Start of Block

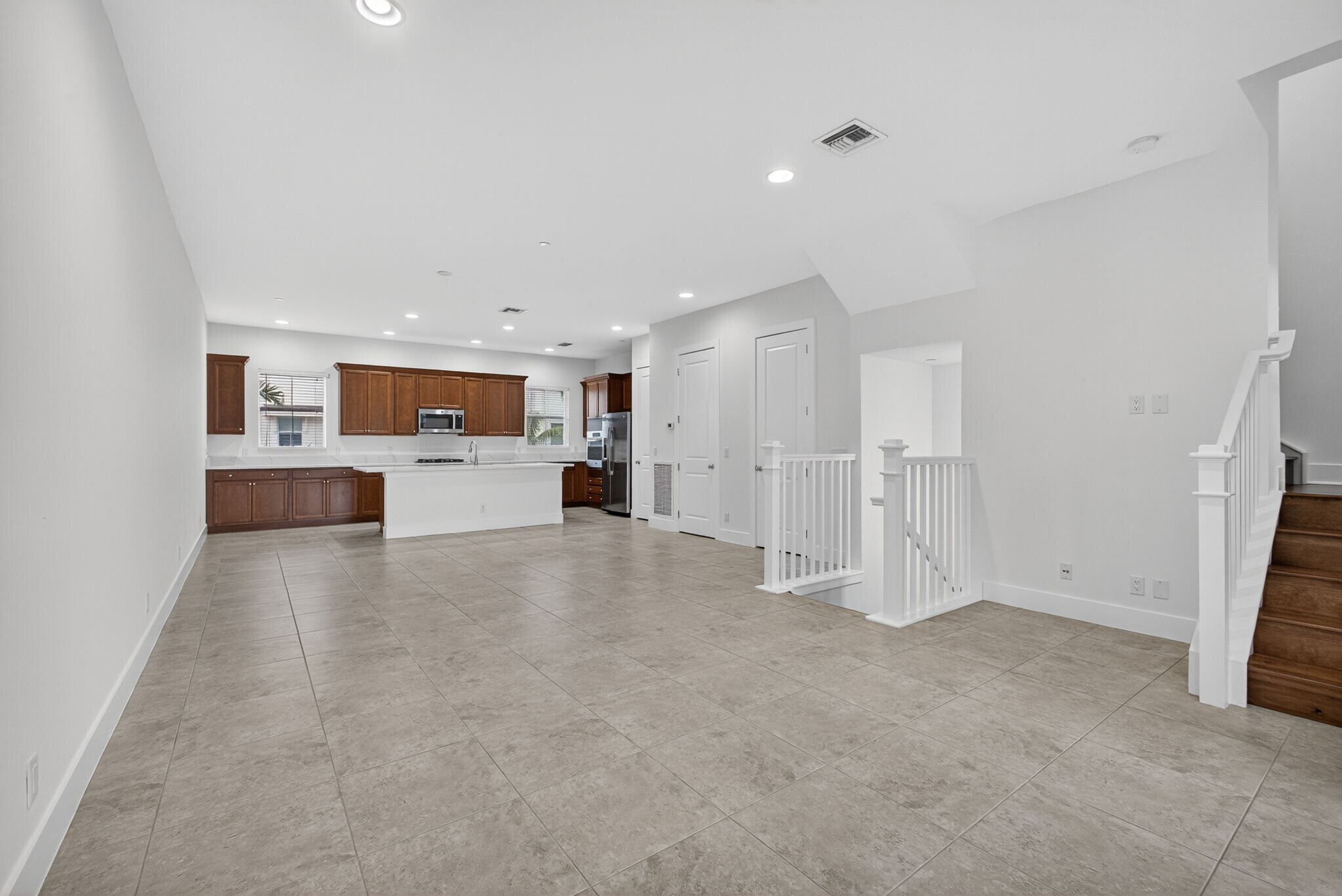 Building Photo - 7089 Edison Pl
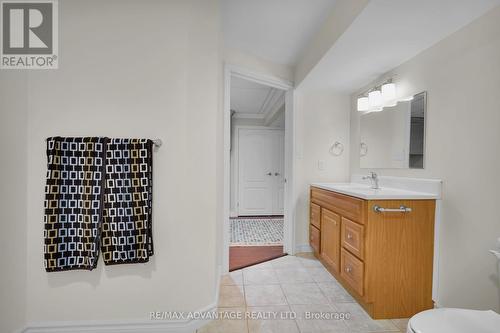 904 Longworth Road, London, ON - Indoor Photo Showing Bathroom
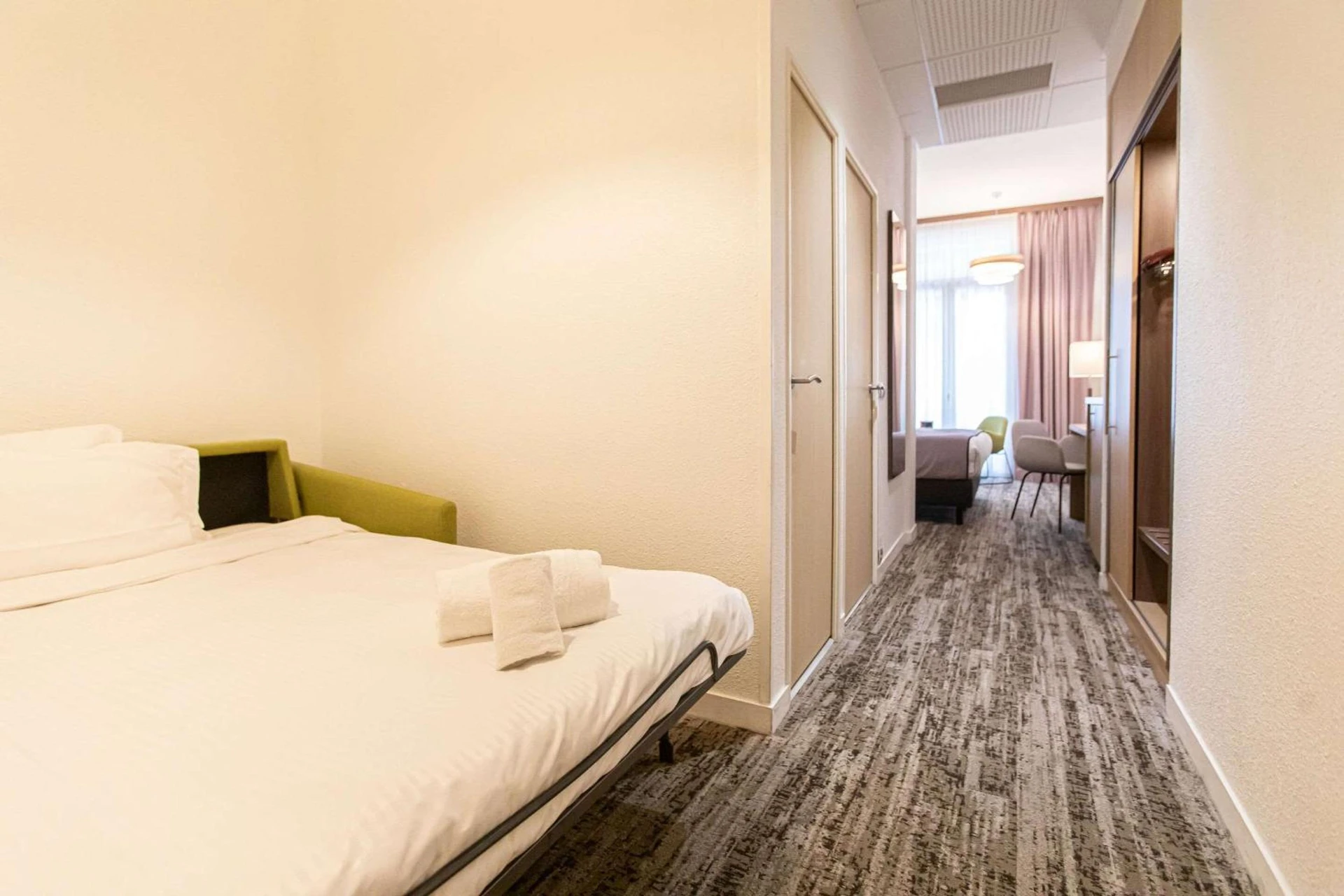 Magnifique chambre pour un séminaire d'entreprise à Quality Hotel Bordeaux Centre - Bordeaux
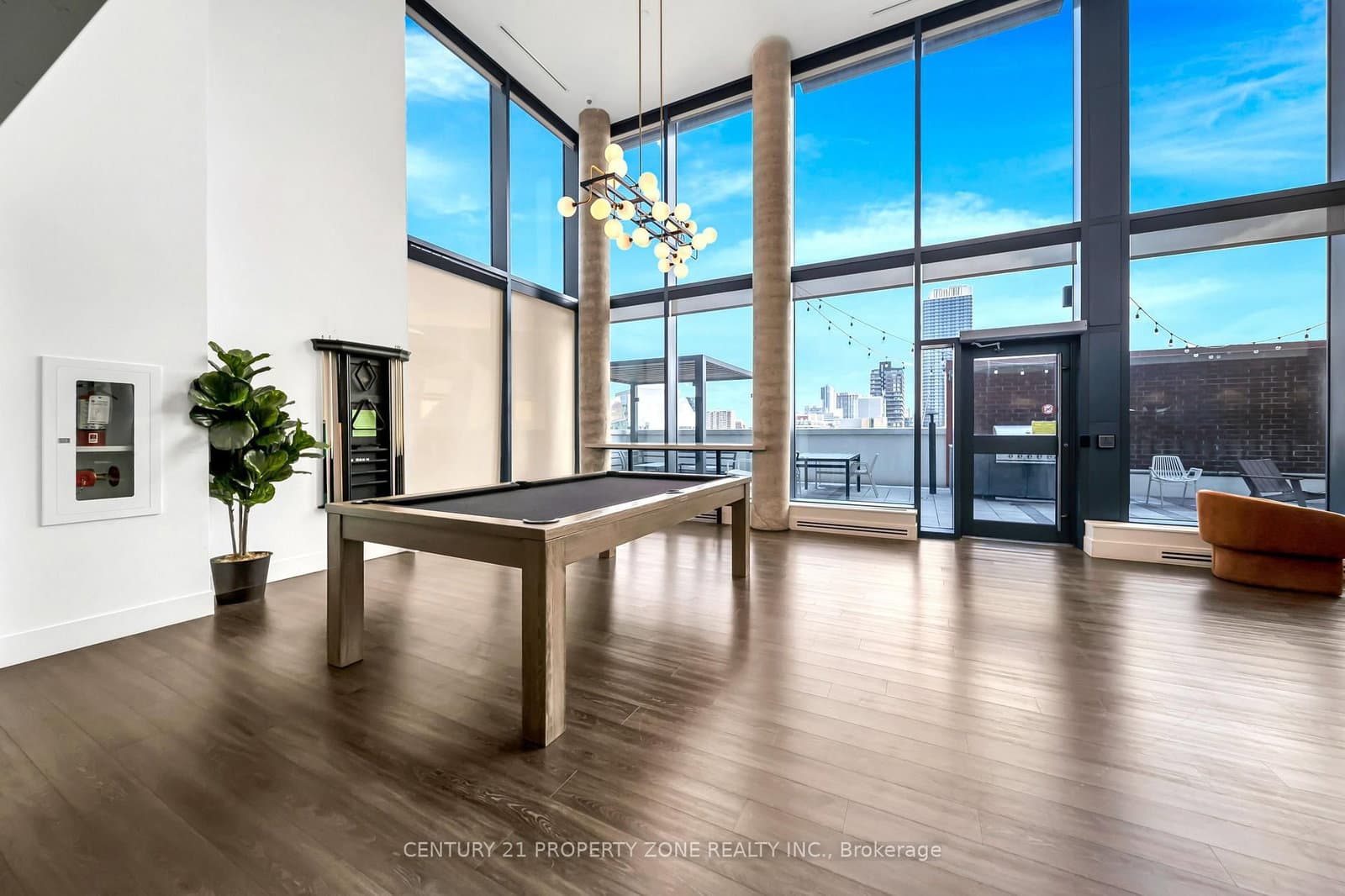 5 WELLINGTON Street, Unit 1612 thumbnail 24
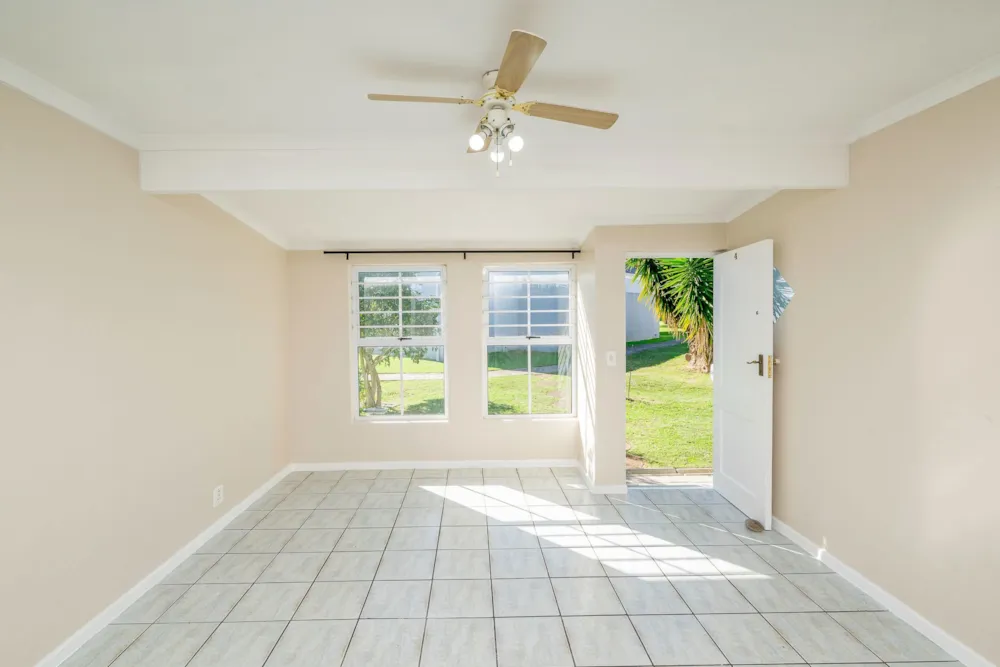 Security complex home sold in Goedemoed - DBV1703826 Security complex home sold in Goedemoed - DBV1703826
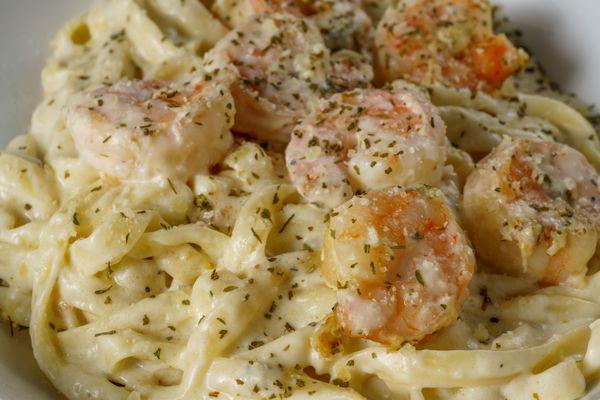 Fettuccini Alfredo w/shrimp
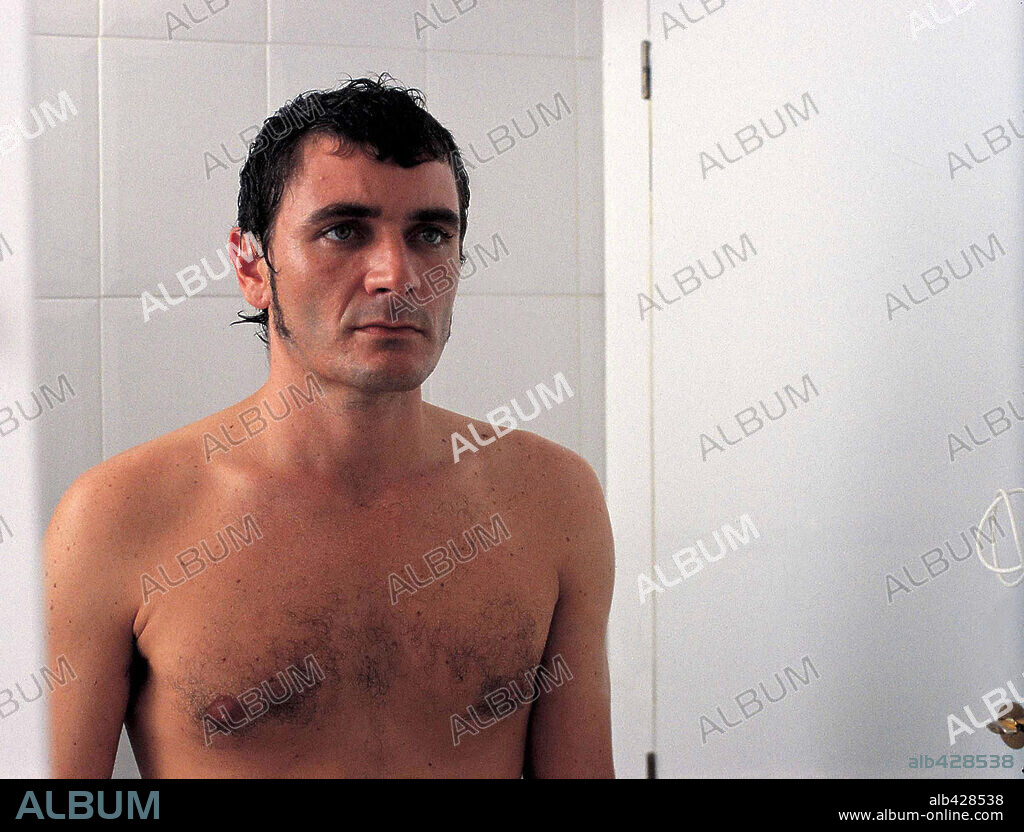 ALEX BRENDEMÜHL en LAS HORAS DEL DIA, 2003, dirigida por JAIME ROSALES. Copyright FRESDEVAL FILMS/IN VITRO FILMS.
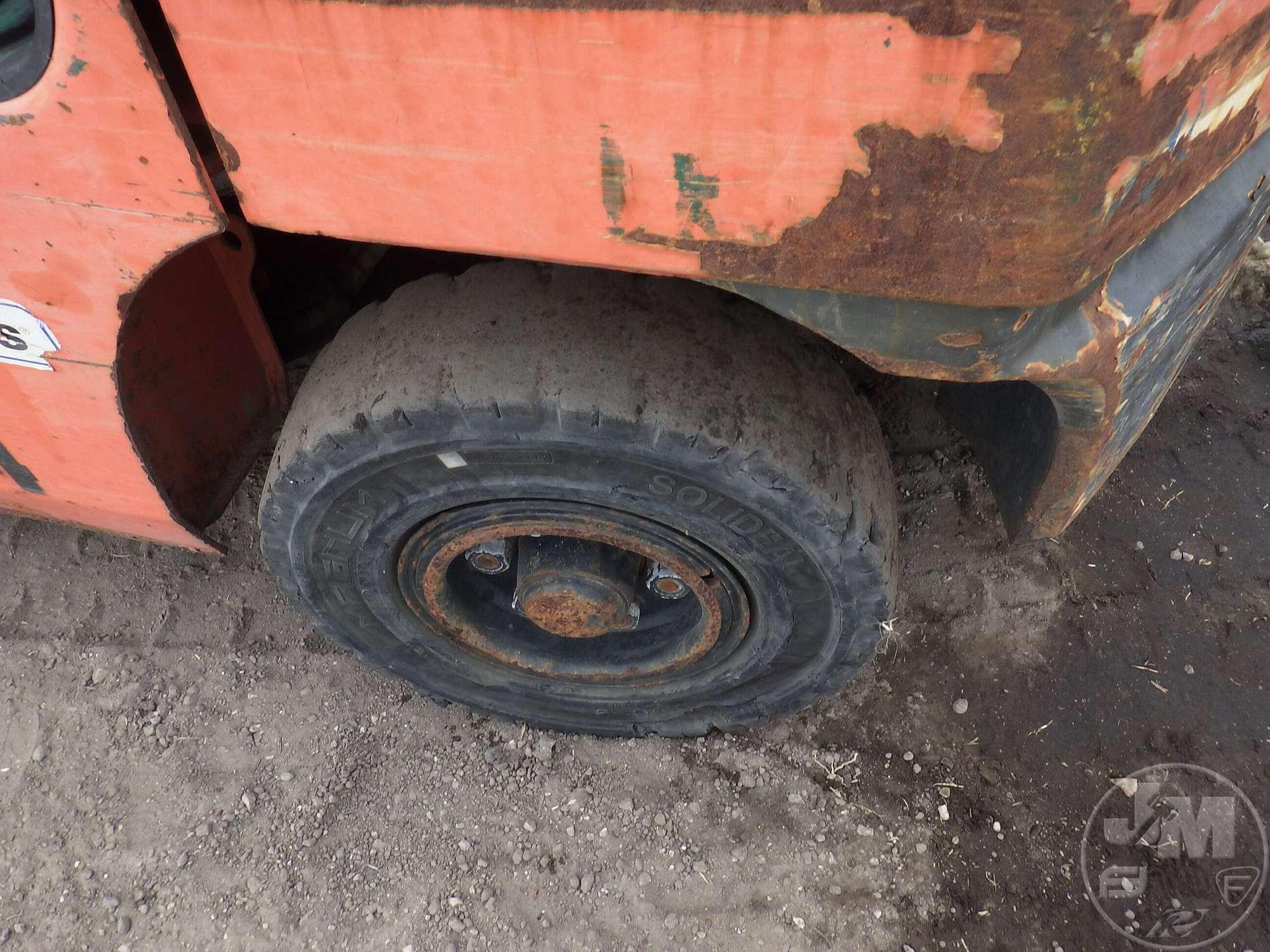 TOYOTA 8FDU25 CUSHION TIRE FORKLIFT SN: 8FDU25-60012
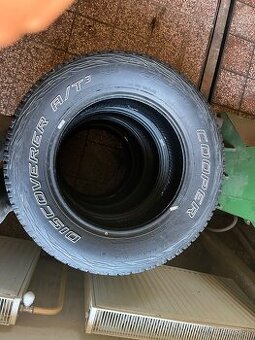 Cooper Discoverer A/T3 235/65 r17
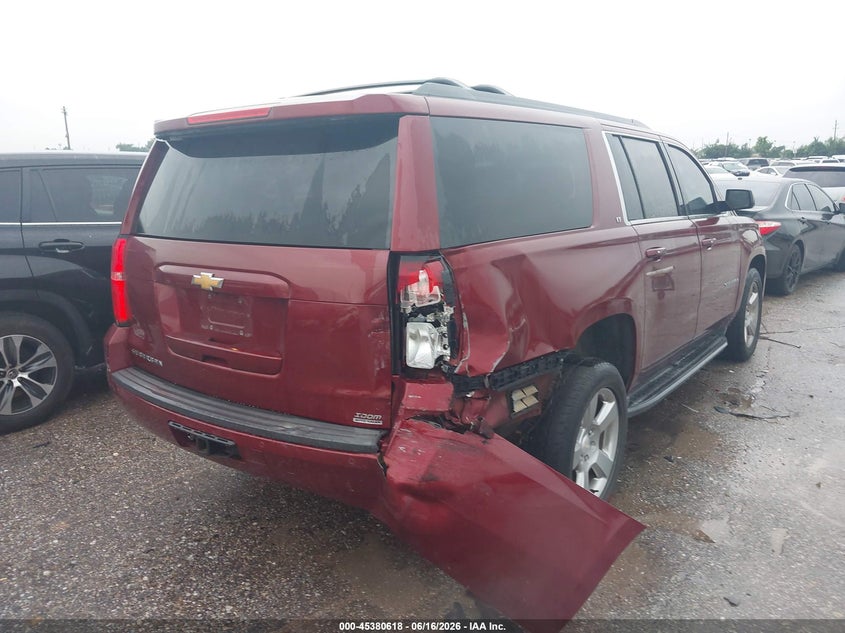 2017 Chevrolet Suburban VIN 1GNSCHKC5HR121174 IAAI salvage auction — REAR END, Salvage (Texas), sold $3,800 on 2026-07-11 (photo 4)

End of Block

What this task involves = Only the lines that lie between the start of the listing and the line containing "ALEX BRENDEMÜHL en", both included, belong in the answer; write them out exactly and omit pictures.

Response for this exercise =
 Building Photo - 7089 Edison Pl
 904 Longworth Road, London, ON - Indoor Photo Showing Bathroom
 Magnifique chambre pour un séminaire d'entreprise à Quality Hotel Bordeaux Centre - Bordeaux
 5 WELLINGTON Street, Unit 1612 thumbnail 24
 Security complex home sold in Goedemoed - DBV1703826 Security complex home sold in Goedemoed - DBV1703826
 Fettuccini Alfredo w/shrimp
 ALEX BRENDEMÜHL en LAS HORAS DEL DIA, 2003, dirigida por JAIME ROSALES. Copyright FRESDEVAL FILMS/IN VITRO FILMS.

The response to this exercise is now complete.